Foldable AMOLED Display Development:
Progress and Challenges
Foldable AMOLED displays may represent the first significant application for flexible displays. In order to realize this technology, manufacturers must overcome challenges such as high stress and fatigue in the foldable area. The authors, from Taiwan’s Industrial Technology Research Institute (ITRI), propose several approaches to overcoming these challenges and describe demonstrated AMOLED modules having a 5-mm folding radius.
by Jing-Yi Yan, Jia-Chong Ho, and Janglin Chen
THE introduction of cathode-ray tubes (CRTs) changed forever how information is displayed by enabling dynamic rather than static content. This was the first wave of the display revolution. Thin-film-transistor liquid-crystal displays (TFT-LCDs) marked the beginning of the second wave of the display revolution, which enabled the popularity of personal computers (PCs) and, later, mobile phones. Although the TFT-LCD was a great achievement, for portable devices, the current LCD on glass substrate falls short in some important respects. Devices that can fit into a pocket or purse have displays that are too small for many applications. Larger tablet screens increase the weight and fragility of devices that are not as conveniently portable. Consumer-product makers have tried to solve these issues by increasing the display size of the phone or reducing the weight of the tablet.

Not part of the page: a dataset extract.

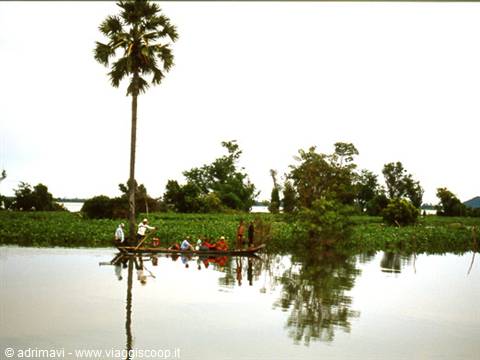 fiume Tonlé-Sap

Neither of these approaches is perfect: today, many consumers own or carry both a tablet and a phone, and a challenge exists with regard to seamless information synchronization between devices.
Flexible Form Factors
Due to the above-mentioned limitations of current mobile devices, there is a need for change in the basic form factor of displays, from rigid to flexible (foldable or even rollable), from heavy to light weight, and from break prone to shatter proof. The concept of flexible displays (the third wave; see Fig. 1) was proposed years ago, and there were actually plastic LCD products, however short-lived, in the marketplace.
Fig. 1: Display revolutions of the past, present, and future are represented as three technology waves, from CRTs at left to flexible displays at right.
In 1998, for example, Sharp announced a product with a twisted-nematic liquid-crystal display (TN-LCD) based on a plastic rather than a glass substrate. The intent of the design was to produce lighter, harder-to-break panels. A number of technical issues are thought to have obstructed that realization. Among these were difficulty in cell-gap control, poor image quality of the LCD on a plastic substrate, and inferior thermo-mechanical properties of plastic relative to glass.
More recently, the two major hurdles for flexible displays have been the lack of a suitable flexible substrate material and the challenge of manufacturing flexible displays with existing TFT processes and equipment. At the Industrial Technology Research Institute (ITRI) in Taiwan, we began addressing the above two issues approximately 10 years ago. The result, our Flexible Universal Plane (FlexUP)a technology, proposed and developed in ITRI’s Display Technology Center (DTC), won the R&D 100 Award and the Wall Street Journal’s Innovation Gold Award in 2010.1 This technology and similar methods are now widely reported in industry literature and research centers alike.2,3
In order to lead off this new or third-wave display revolution, a start-up company, FlexUP Technologies Corp., was spun off from DTC in 2014 to provide the flexible-substrate solution for the display and/or non-display industries such as touch sensors, solar panels, OLED lighting, and digital radiography.
AMOLED Display Advantages
Compared to a TFT-LCD, an AMOLED display is far more attractive for use on flexible substrates. Because it is self-emissive, it does not require the use of a backlight, light-guide plate, or brightness-enhancement film, allowing for a display that is easier to bend, flex, or even fold. Besides this desirable simplicity in structure, an AMOLED display also offers a high video rate, wide color gamut, and low power consumption.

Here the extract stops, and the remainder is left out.